They’re back! They’re really back! This is a review, it really is, but to begin with anything other than flat-out glee that this marvelous, irreverent, stupid-like-a-fox show has returned would be disingenuous. And while you can chalk some of this next assertion up to projection on this writer’s part (psychological projection, not the astral sort), that oh-thank-god-let’s-have-some-dumb-fun energy seems to exist on both sides of the screen. While there’s an unavoidably melancholy streak to “Ground Control To Sara Lance,” there’s also a palpable sense of possibility, from Astra’s adventures out of hell (and apparent disinterest in a permanent place amongst the Legends) and John and Zari’s whole deal to David Frickin’ Bowie inadvertently revealing to Ava and company that Sara’s prepared to propose. And as always with the start of a new Legends season, there’s the energy that comes with a new pure-chaos problem, this time the scattering of a whole shit-ton of aliens (and maybe some other beings?) through the timeline.

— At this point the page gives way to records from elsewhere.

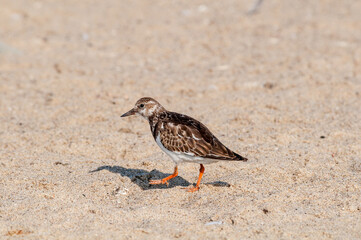 Ruddy Turnstone (Arenaria interpres) in Malibu Lagoon, California, USA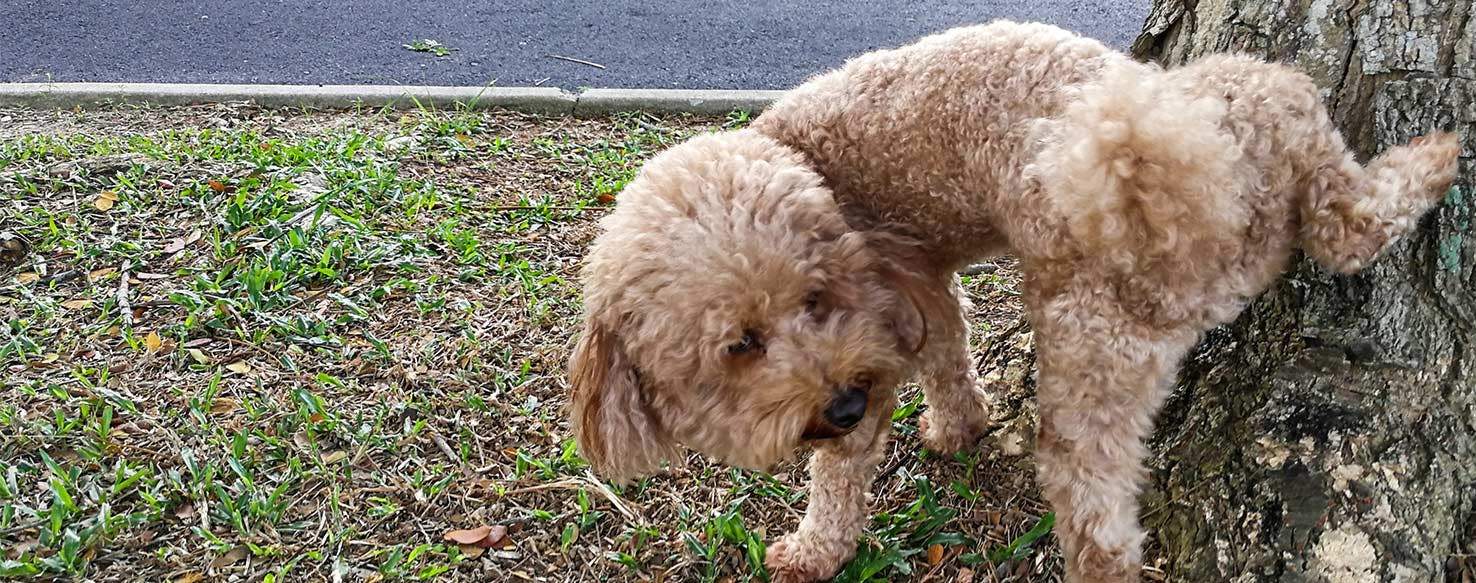 Why-Do-Dogs-Pee-On-Trees.jpg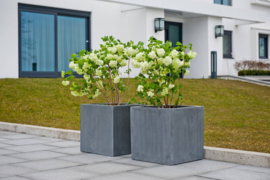 Vierkante stonelook plantenbak `Michigan` Afmeting: L110 x B110 x H70 | Kleur: Grey Stonelook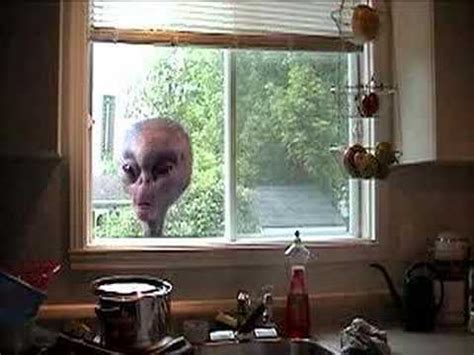 Image result for Alien Window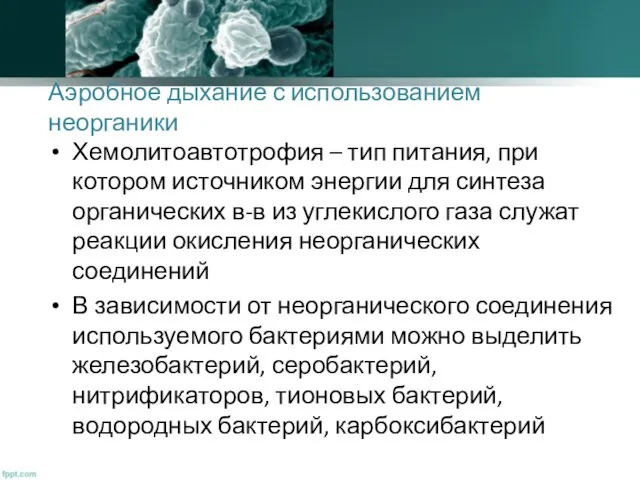 Аэробное дыхание с использованием неорганики Хемолитоавтотрофия – тип питания, при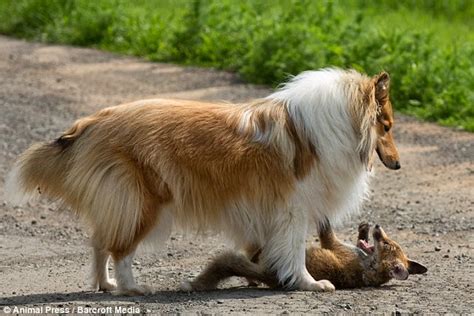 White Wolf Fox And The Hound Orphaned Fox Cub Finds Surrogate Mum In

So yeah, pretty glad this show is back—and so, it seems, is the show itself.
That doesn’t mean that “Ground Control To Sara Lance,” written by James Eagan & Mark Bruner and directed by Kevin Mock, is without either flaws or sadness. When it comes to the latter, it would be strange if there weren’t. Is it any surprise that a storyline in which the team is abruptly confronted with a reality-shifting crisis, one which puts nearly all its members well outside their comfort zones, would resonate with the writers and cast? That after the year and change we’ve all had, they might be drawn to a plot that’s rooted in the tension between helplessness and urgency? Legends being Legends, the episode never tips entirely into mournful territory (this ain’t Arrow, and Barry Allen’s not around to suggest that he sacrifice himself to save Sara through the power of the speed force and/or love), but Ava Sharpe’s the one driving this bus, and she never for a moment forgets what’s at stake or stops thinking about what might be happening to the Space Girl.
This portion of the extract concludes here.